Chief administrative and revenue officer of a district

Deputy Commissioner (popularly abbreviated to DC) or District Magistrate is the chief administrative and revenue officer of a district in Bangladesh. A district is an administrative sub-unit of a division. According to the Code of Criminal Procedure of Bangladesh, the government shall appoint as many persons as it thinks fit to be Executive Magistrates and shall appoint one of them to be the District Magistrate.

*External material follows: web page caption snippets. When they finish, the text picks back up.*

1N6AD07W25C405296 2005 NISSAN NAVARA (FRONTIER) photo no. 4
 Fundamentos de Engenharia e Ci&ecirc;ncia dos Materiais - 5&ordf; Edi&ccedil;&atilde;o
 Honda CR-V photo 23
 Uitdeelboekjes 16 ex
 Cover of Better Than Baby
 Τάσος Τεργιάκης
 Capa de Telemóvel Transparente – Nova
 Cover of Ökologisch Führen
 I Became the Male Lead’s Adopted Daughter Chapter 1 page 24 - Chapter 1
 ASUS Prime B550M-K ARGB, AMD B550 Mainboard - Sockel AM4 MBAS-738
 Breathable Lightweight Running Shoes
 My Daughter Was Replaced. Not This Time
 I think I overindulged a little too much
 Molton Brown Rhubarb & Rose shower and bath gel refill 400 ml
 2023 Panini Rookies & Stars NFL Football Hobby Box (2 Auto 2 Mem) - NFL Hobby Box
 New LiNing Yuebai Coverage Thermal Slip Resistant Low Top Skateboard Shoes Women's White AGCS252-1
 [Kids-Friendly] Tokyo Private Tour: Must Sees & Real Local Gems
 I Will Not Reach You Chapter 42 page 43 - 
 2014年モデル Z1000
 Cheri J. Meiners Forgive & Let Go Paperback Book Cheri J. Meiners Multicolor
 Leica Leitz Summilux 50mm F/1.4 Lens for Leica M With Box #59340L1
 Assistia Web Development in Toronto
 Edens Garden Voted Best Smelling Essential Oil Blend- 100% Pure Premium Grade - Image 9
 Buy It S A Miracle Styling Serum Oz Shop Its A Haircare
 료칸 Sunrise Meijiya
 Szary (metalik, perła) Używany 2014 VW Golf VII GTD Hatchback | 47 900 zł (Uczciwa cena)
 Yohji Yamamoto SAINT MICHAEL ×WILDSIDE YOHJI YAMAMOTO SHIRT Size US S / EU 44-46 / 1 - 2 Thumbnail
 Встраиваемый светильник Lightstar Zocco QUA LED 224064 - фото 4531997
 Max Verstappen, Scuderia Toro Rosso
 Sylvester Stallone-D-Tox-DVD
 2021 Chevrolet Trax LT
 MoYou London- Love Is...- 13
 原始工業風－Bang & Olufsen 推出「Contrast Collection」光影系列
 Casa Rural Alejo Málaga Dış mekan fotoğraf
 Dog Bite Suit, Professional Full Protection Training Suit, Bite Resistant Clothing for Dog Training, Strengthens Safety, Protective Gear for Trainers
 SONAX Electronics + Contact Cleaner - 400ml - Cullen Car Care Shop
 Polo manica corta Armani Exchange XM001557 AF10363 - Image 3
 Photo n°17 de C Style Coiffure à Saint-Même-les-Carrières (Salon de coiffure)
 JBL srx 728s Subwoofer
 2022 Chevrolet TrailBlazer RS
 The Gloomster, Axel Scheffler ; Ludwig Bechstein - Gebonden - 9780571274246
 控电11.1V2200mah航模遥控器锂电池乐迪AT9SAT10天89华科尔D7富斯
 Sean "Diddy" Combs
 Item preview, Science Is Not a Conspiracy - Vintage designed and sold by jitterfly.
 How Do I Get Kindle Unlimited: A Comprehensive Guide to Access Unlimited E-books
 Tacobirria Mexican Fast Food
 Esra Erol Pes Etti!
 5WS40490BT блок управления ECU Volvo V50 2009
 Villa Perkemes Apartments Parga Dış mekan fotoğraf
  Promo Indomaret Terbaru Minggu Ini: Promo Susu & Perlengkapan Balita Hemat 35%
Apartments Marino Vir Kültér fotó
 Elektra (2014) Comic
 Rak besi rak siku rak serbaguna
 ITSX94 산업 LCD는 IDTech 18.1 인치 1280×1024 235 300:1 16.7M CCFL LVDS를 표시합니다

The term District Magistrate is used in the Criminal procedure code to denote the principal executive magistrate of the district. However, after 1960, the Deputy Commissioner term came to prominence throughout the country. During the early year, before the Bangladesh era, the deputy commissioner's office used to be concerned with internal security and revenue administration. Over time, however, the office has become increasingly occupied with the general welfare of the people in the district. The Deputy Commissioner is a representative of the Government in the field of law and order, land administration, disaster management and general and local elections. The Deputy Commissioner works under the general guidance and supervision of the Divisional Commissioner. They are under the administrative control of the Cabinet Division although their posting and transfer are made by the Ministry of Public Administration. The Deputy commissioners are appointed from the administrative cadre of Bangladesh Civil Service, which is known as the Bangladesh Administrative Service.